The ROC curves show the SDML classifier (SDML, purple), variance (Var, orange), and lag-1 autocorrelation (AC, green) for the A chick heart aggregates going through a period-doubling bifurcation; B sediment data from the MS21 core, C MS66 core, and (D) 64PE406E1 core showing rapid transitions to an anoxic state in the Mediterranean Sea; E ice core records showing rapid paleoclimate transitions; and F transitions in construction activity in pre-Hispanic Pueblo societies. Performance is assessed on the number of experimental runs (N) for each dataset, with 40 equally spaced predictions made between 60% and 100% (A, B, E, F) or between 80% and 100% (C, D) of the way through the pre-transition data. The area under the curve (AUC) score, denoted by A, is a performance measure. The insets show the proportion of predictions made by the classifier for true pre-transition trajectories. “Pre-tran” means close to a critical transition, and “Neutral” means far from a critical transition. The diagonal dashed black line marks where a classifier works no better than a random coin toss, namely, AUC is 0.5.

Discussion

Many complex systems are prone to critical transitions, and data from past transitions is often limited. The majority of research on early warning signals has focused on generic indicators based on properties of bifurcations, and has not incorporated system-specific details, nor information from past transitions. However, data from past transitions contain important system-specific information that should not be neglected. In this paper, we have shown that the limited data available from past transitions can be extended using surrogate data methods to the point where a large enough dataset can be generated to train a machine learning classifier. These trained machine learning classifiers are capable of providing early warning signals for unseen, future critical transitions, despite having only been trained on surrogate data. Moreover, we found that the classifiers outperformed variance and lag-1 autocorrelation in most experimental and empirical test cases among natural systems in cardiology, geology, climatology, and sociology.

The results suggest that the SDML method for early warning signals can be advantageous over generic indicators. There are many scenarios for which generic early warning signals can fail67. Examples include global bifurcations51, out-of-equilibrium (transient) dynamics24, and rate-induced tipping50. These problems stem from generic early warning signals relying on a manifestation of critical slowing down. Critical slowing down involves the degradation of resilience along some dimension of the system’s state space, resulting in a longer return time to equilibrium following a perturbation.

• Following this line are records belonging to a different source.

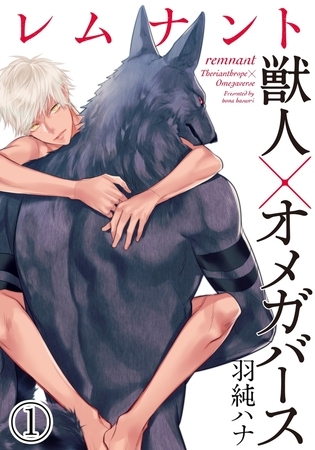 【期間限定　無料お試し版　閲覧期限2025年8月10日】レムナント―獣人オメガバース― (1)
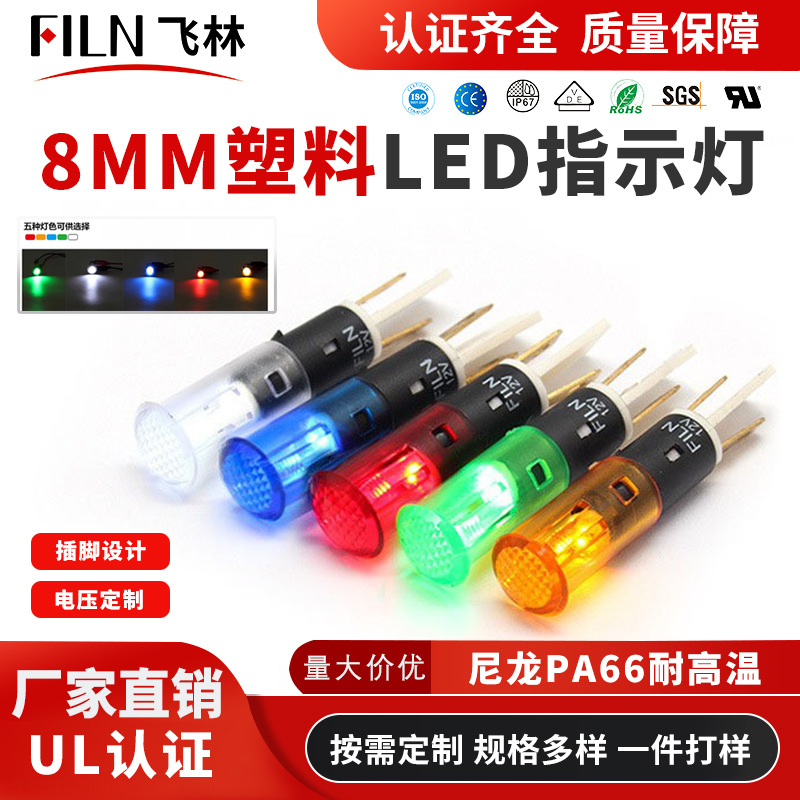8MM塑料信号灯 卡扣式 插片 面板指示灯 电压定制|ms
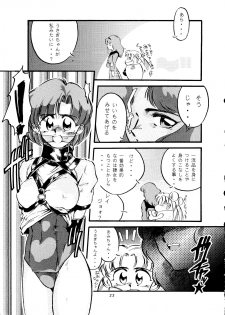(C46) [Shounen Yuuichirou (Various)] Shounen Yuuichirou Vol. 14 (Bishoujo Senshi Sailor Moon) - page 22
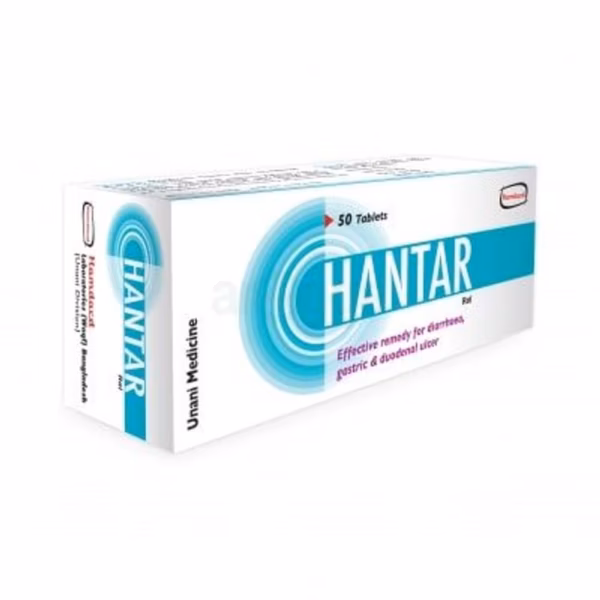 Tab Hantar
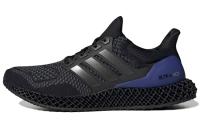 Adidas ULT Ткань Амортизация Противоскользящие Устойчивые к истиранию Низкий Топ Повседневные Беговые Кроссовки Унисекс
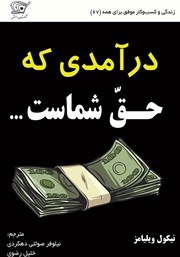 معرفی و دانلود کتاب درآمدی که حق شماست
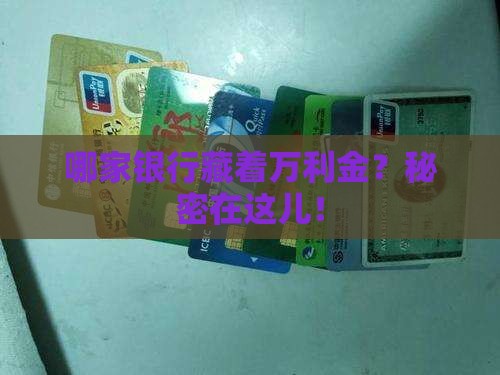 哪家银行藏着万利金？秘密在这儿！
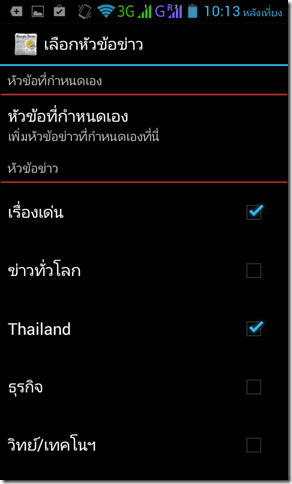 Screenshot_2013-09-01-22-13-15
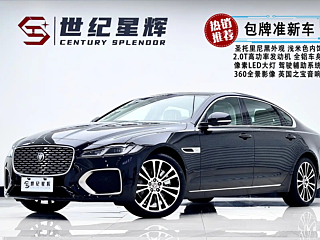 Заказать JAGUAR XFL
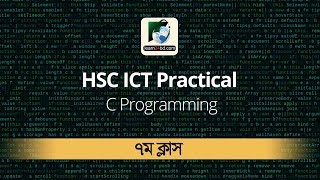 HSC ICT Practical C programming Class07  learn24bd  Bangla Tutorial [upl. by Ilysa]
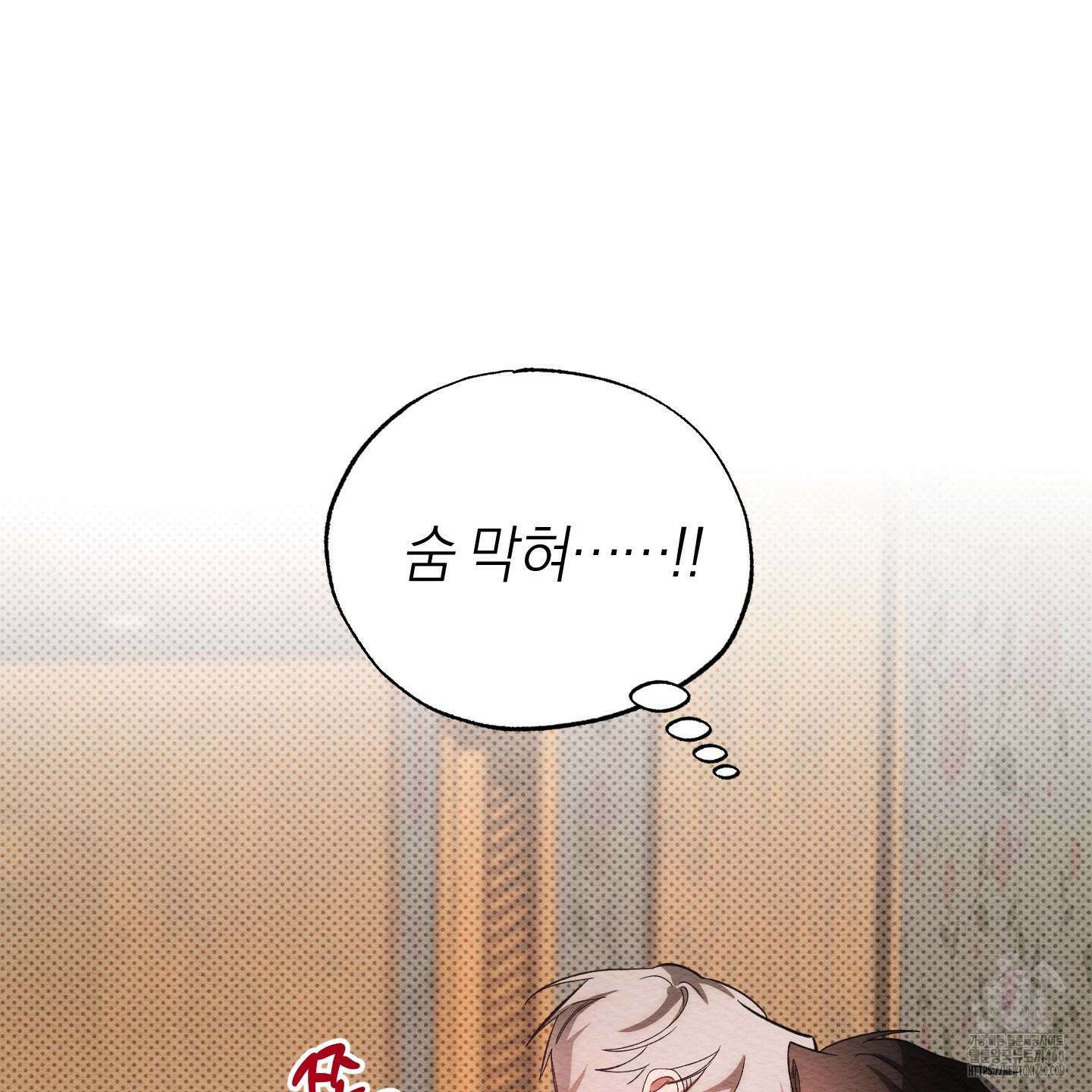 장르는 멜로 26화 28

For bifurcations with an oscillatory component (e.g., Hopf/period-doubling/Neimark-Sacker), critical slowing down manifests as an increase in variance, and an increase or decrease in autocorrelation depending on the lag time65. For cases such as the onset of alternans in chick heart aggregates, where a period-doubling bifurcation is the likely cause, it seems plausible that the classifier learns about manifestations of critical slowing down specific to period-doubling bifurcations (an increase in variance and decrease in lag-1 autocorrelation). However, the SDML method makes no assumption of a bifurcation—it simply observes past transitions and attempts to extract features that are associated with the approach of a transition. Consequently, for cases where a bifurcation mechanism is not clear, such as for the paleoclimate transitions, learning system-specific features could be key to an effective early warning signal.

Machine learning is a rapidly evolving field, with new algorithms and architectures appearing every year. We have not attempted a comprehensive assessment of the performance of all appropriate types of architecture. We have also not performed hyperparameter tuning on the individual classifiers. Rather, this study is focused on the presentation of a framework to address the problem of limited data availability and demonstration of its baseline capabilities, which can be fine-tuned in future work.

An important consideration in this approach is how to build the training library for the machine learning classifiers. We opted for a simple approach of creating two classes of time series—one containing data far from the critical transition, and the other containing data close to it. More elaborate schemes could be considered in future work, such as having several classes for data at different distances to the transition, or turning the problem into a regression task, where time series are labeled with their distance to the transition.

The data-driven SDML approach relies on good-quality data of past transitions. This is in order to generate high-fidelity surrogate data for the machine learning classifiers. Therefore, rich, high-quality data sources with rapid transition events (e.g., sedimentary archives from the Mediterranean Sea47, paleoclimate transitions44,63, and construction activity in pre-Hispanic Pueblo societies64) and experimental data (e.g., embryonic chick heart cell aggregates37 and thermoacoustic instability experiments46) are invaluable. The SDML approach should not be regarded as a replacement for generic early warning signals, which have been used and enhanced for decades and rigorously tested in many real-world contexts. Rather, our work should be interpreted as evidence that the proposed approach is able to meet the challenges of real-world forecasting problems and has the potential to complement and improve the current best methods.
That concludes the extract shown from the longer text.